The analysis took a cost of control modeling approach, in line with a previous US analysis of once-weekly semaglutide versus dulaglutide, and previous analyses of liraglutide (a once-daily GLP-1 analog) versus sitagliptin (a dipeptidyl peptidase-4 inhibitor) [12, 16]. Based on three common endpoints used in the treatment of T2D, this approach allows the short-term cost-effectiveness of interventions to be evaluated in a clinically relevant manner that is both straightforward and transparent .
Clinical data for the analysis were taken from the SUSTAIN trial program, specifically the SUSTAIN 3 and SUSTAIN 7 trials, comparing once-weekly semaglutide 1.0 mg with exenatide ER and once-weekly semaglutide 0.5 mg and 1.0 mg with dulaglutide 0.75 mg and 1.5 mg, respectively (Table 1) [15, 16]. No head-to-head trial has compared once-weekly semaglutide 0.5 mg with exenatide ER, and clinical data were therefore unavailable for this comparison. The present cost of control analysis was based on the proportion of patients achieving target endpoints with each intervention. The statistical significance of differences between treatments was assessed using a logistic regression model. In line with the US FDA label for once-weekly semaglutide, all outcomes were based on the intent-to-treat population in which missing data were imputed using multiple imputation based on retrieved dropout analysis .
A model was developed in Microsoft Excel (Microsoft Corporation, Redmond, WA) to assess the relative costs of bringing a single patient to each of three pre-specified single or composite endpoints in the two SUSTAIN trials. The endpoints covered glycemic targets, body weight, and hypoglycemia outcomes: (1) HbA1c < 7.0%, (2) HbA1c < 7.0% without hypoglycemia and without weight gain, (3) ≥ 1.0% HbA1c reduction and ≥ 5.0% weight loss (Table 1).

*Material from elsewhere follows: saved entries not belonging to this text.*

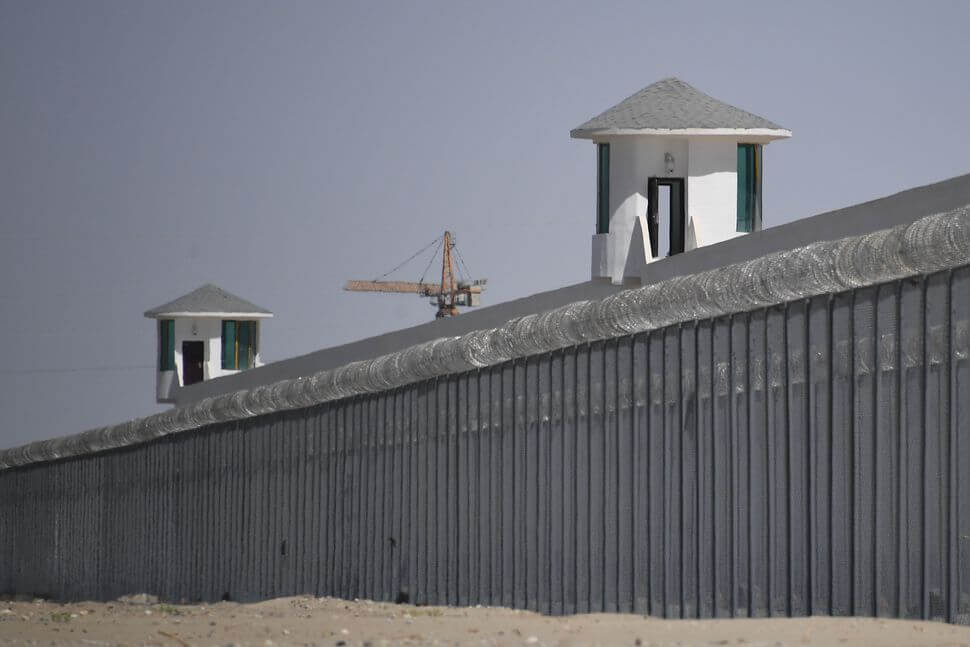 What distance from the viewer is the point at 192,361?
132ft

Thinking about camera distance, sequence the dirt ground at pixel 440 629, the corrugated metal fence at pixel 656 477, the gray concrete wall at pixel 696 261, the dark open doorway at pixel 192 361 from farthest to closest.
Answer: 1. the dark open doorway at pixel 192 361
2. the gray concrete wall at pixel 696 261
3. the corrugated metal fence at pixel 656 477
4. the dirt ground at pixel 440 629

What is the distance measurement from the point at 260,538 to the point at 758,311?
10.6 meters

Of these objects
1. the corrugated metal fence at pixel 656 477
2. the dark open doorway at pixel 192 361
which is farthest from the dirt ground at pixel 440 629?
the dark open doorway at pixel 192 361

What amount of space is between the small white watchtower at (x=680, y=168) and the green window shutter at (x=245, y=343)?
21.8 meters

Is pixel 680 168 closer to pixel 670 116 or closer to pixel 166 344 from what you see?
pixel 670 116

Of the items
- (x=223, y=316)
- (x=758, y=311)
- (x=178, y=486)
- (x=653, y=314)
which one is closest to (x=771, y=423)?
(x=758, y=311)

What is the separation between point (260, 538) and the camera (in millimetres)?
20344

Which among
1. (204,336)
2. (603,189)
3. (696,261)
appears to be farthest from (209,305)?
(696,261)

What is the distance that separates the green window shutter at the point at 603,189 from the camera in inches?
774

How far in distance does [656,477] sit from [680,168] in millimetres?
8395

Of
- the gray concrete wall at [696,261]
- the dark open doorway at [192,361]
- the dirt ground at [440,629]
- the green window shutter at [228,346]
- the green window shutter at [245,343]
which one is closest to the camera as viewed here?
the dirt ground at [440,629]

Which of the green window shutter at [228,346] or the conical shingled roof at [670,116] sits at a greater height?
the conical shingled roof at [670,116]

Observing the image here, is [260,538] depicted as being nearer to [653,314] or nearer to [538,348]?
[538,348]

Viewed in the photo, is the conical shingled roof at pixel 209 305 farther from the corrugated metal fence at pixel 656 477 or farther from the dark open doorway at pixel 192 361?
the corrugated metal fence at pixel 656 477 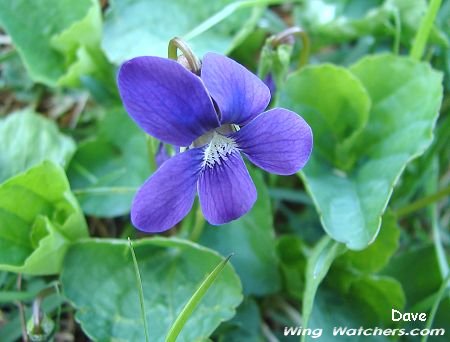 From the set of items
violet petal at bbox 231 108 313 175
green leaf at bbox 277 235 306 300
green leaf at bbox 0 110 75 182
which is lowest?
green leaf at bbox 277 235 306 300

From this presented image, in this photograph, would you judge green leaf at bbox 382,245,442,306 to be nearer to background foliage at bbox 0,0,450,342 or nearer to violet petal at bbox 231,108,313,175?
background foliage at bbox 0,0,450,342

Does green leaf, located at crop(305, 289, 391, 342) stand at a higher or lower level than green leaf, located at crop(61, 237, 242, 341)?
lower

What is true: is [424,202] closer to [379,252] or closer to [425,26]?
[379,252]

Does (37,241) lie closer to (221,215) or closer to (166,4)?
(221,215)

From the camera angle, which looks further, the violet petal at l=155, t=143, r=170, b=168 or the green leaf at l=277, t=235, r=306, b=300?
the green leaf at l=277, t=235, r=306, b=300

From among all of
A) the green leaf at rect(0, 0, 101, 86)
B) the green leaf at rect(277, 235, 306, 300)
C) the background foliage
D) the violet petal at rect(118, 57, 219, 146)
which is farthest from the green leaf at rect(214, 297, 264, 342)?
the green leaf at rect(0, 0, 101, 86)

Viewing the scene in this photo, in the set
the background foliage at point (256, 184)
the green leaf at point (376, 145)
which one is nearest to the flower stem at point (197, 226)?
the background foliage at point (256, 184)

Cost Data, Resource Use, Time Horizon, and Perspective of the Analysis
Only wholesale acquisition cost (WAC) prices were included in the analysis, and these were sourced from the Price-Rx database (Table 2) . Needle costs were not captured, as needles are included in the once-weekly GLP-1 RA packs, while no costs relating to self-monitoring of blood glucose (SMBG) testing were applied, as testing was assumed to be the same regardless of the treatment regimen. Adherence to all modeled regimens was assumed to be 100%.
All medications were dosed at the weekly doses recommended in the product labels: 2.0 mg per week for exenatide ER, 0.75 mg and 1.5 mg for dulaglutide 0.75 mg and 1.5 mg respectively, and 0.5 mg and 1.0 mg for once-weekly semaglutide 0.5 mg and 1.0 mg, respectively.
The analysis took the perspective of a US private healthcare payer, with outcomes projected over a 1-year time horizon.
Relative Cost of Control Calculations
The relative efficacy for each comparator was calculated by dividing the proportions of patients achieving each of the three endpoints with the comparator by the proportions of patients achieving the corresponding endpoint with once-weekly semaglutide from the relevant SUSTAIN trial. The relative cost of each comparator was calculated by dividing the annual cost with the comparator by the annual cost of once-weekly semaglutide. The relative efficacy and relative cost of each comparator were then plotted on a cost–efficacy plane as the abscissa and ordinate, respectively (Figs. 1, 2, 3, 4, 5, 6). The reference of once-weekly semaglutide 0.5 mg or 1.0 mg thereby formed the identity line or line of equality (i.e., x = y), with comparators falling above the line having a worse efficacy-to-cost ratio (incurring higher costs for the same efficacy or lower efficacy for the same cost), and comparators falling below the line having a better efficacy-to-cost ratio (incurring lower costs for the same efficacy or higher efficacy for the same cost), based on an assumption of a linear relationship between cost and efficacy. This is a novel methodology, allowing easy, visual interpretation of results that has, to date, only been published in abstract form in an analysis for the Canadian setting .
The model results were presented in terms of relative cost of control outcomes only (i.e., cost relative to once-weekly semaglutide 0.5 mg or 1 mg and efficacy relative to once-weekly semaglutide 0.5 mg or 1 mg). A constant ratio of treatment costs was assumed between the treatment arms over time to avoid differences occurring from the different trial durations, as efficacy outcomes from SUSTAIN 3 and SUSTAIN 7 were reported over 56 weeks and 40 weeks of follow-up, respectively (Table 1). While the use of cost and efficacy ratios over these time periods mitigated the impact of the different trial durations, the duration of follow-up in each trial should be considered when interpreting the results.
Compliance with Ethics Guidelines
The present modeling analysis is based on previously conducted clinical studies and does not reference any studies with human participants or animals conducted by the authors.